[Records drawn from a dataset]
◇ ◇ ◇

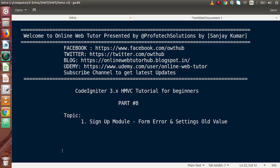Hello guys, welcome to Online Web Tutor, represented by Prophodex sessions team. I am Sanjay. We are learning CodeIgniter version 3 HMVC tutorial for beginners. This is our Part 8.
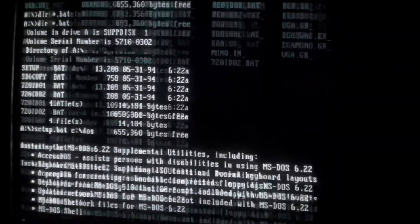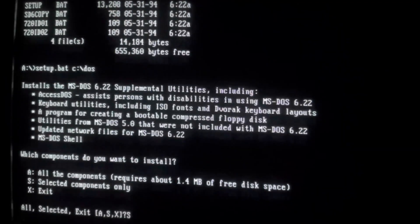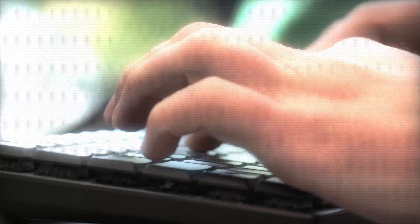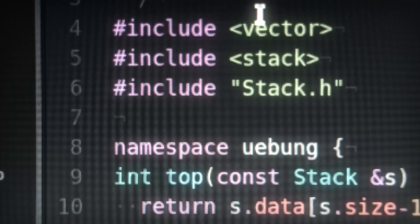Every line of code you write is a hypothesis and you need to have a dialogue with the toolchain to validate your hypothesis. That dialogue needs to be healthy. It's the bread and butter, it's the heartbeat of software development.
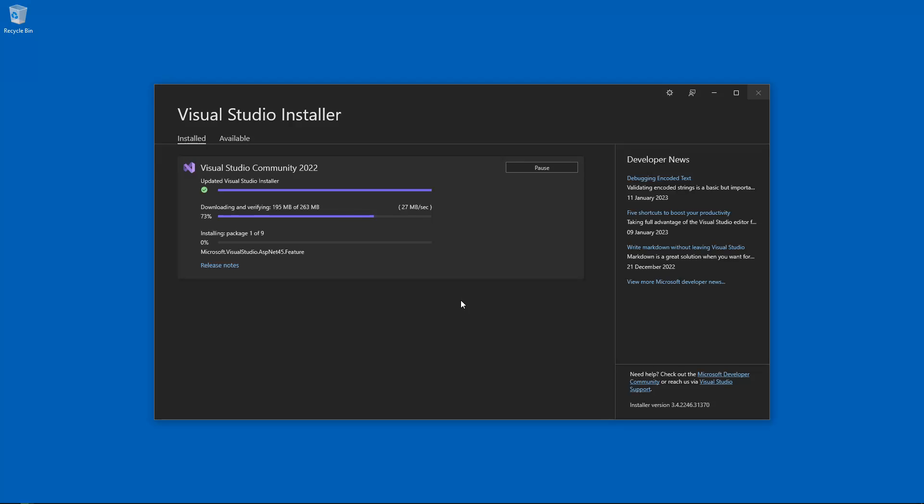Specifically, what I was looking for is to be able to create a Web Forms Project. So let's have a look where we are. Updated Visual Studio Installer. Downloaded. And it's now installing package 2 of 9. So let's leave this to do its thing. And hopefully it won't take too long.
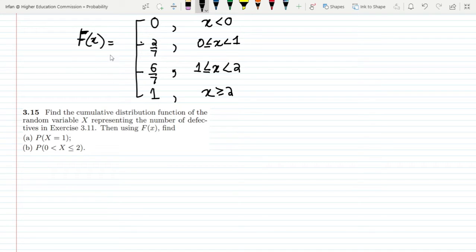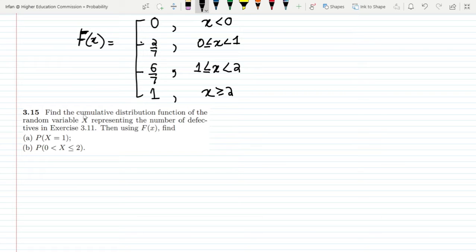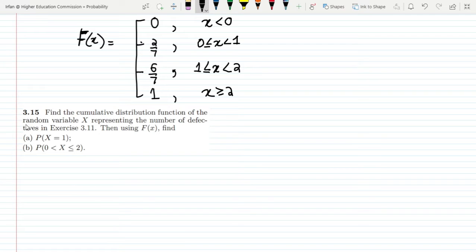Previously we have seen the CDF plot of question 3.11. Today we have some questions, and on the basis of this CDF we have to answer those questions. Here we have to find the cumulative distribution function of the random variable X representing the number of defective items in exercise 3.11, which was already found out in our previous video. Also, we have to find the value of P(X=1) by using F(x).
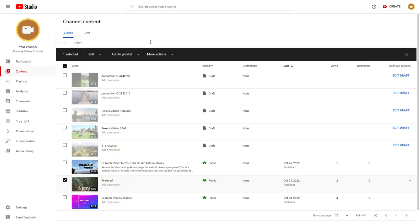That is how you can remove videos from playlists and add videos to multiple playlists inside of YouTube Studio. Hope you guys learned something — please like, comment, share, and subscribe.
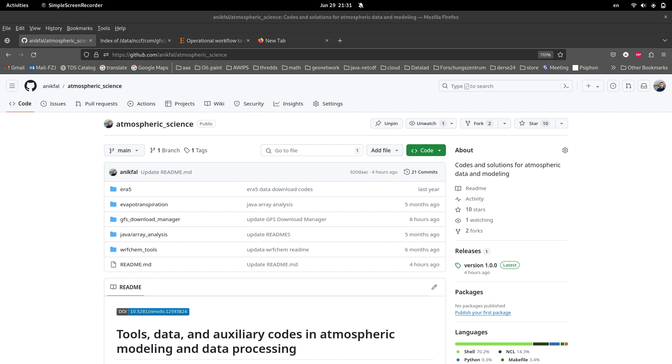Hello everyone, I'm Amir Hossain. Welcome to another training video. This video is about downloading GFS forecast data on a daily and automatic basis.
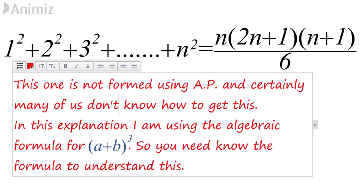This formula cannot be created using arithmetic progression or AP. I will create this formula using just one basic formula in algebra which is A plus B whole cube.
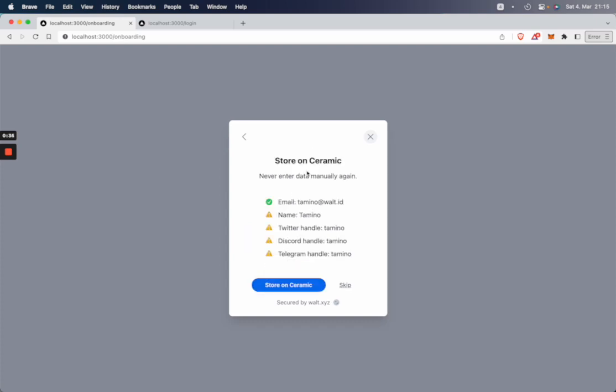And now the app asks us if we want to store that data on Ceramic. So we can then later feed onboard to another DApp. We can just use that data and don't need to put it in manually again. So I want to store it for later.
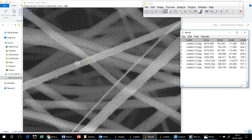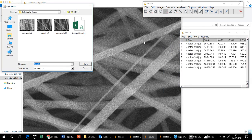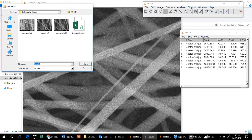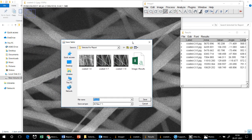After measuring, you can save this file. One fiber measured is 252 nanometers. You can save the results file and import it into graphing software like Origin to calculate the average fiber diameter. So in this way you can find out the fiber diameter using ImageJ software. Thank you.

◇ ◇ ◇

Requirement
An exact copy of the entries, minus the pictures, is what to return.

Answer to this exercise
Hello guys, welcome to Online Web Tutor, represented by Prophodex sessions team. I am Sanjay. We are learning CodeIgniter version 3 HMVC tutorial for beginners. This is our Part 8.
Every line of code you write is a hypothesis and you need to have a dialogue with the toolchain to validate your hypothesis. That dialogue needs to be healthy. It's the bread and butter, it's the heartbeat of software development.
Specifically, what I was looking for is to be able to create a Web Forms Project. So let's have a look where we are. Updated Visual Studio Installer. Downloaded. And it's now installing package 2 of 9. So let's leave this to do its thing. And hopefully it won't take too long.
Previously we have seen the CDF plot of question 3.11. Today we have some questions, and on the basis of this CDF we have to answer those questions. Here we have to find the cumulative distribution function of the random variable X representing the number of defective items in exercise 3.11, which was already found out in our previous video. Also, we have to find the value of P(X=1) by using F(x).
That is how you can remove videos from playlists and add videos to multiple playlists inside of YouTube Studio. Hope you guys learned something — please like, comment, share, and subscribe.
Hello everyone, I'm Amir Hossain. Welcome to another training video. This video is about downloading GFS forecast data on a daily and automatic basis.
This formula cannot be created using arithmetic progression or AP. I will create this formula using just one basic formula in algebra which is A plus B whole cube.
And now the app asks us if we want to store that data on Ceramic. So we can then later feed onboard to another DApp. We can just use that data and don't need to put it in manually again. So I want to store it for later.
After measuring, you can save this file. One fiber measured is 252 nanometers. You can save the results file and import it into graphing software like Origin to calculate the average fiber diameter. So in this way you can find out the fiber diameter using ImageJ software. Thank you.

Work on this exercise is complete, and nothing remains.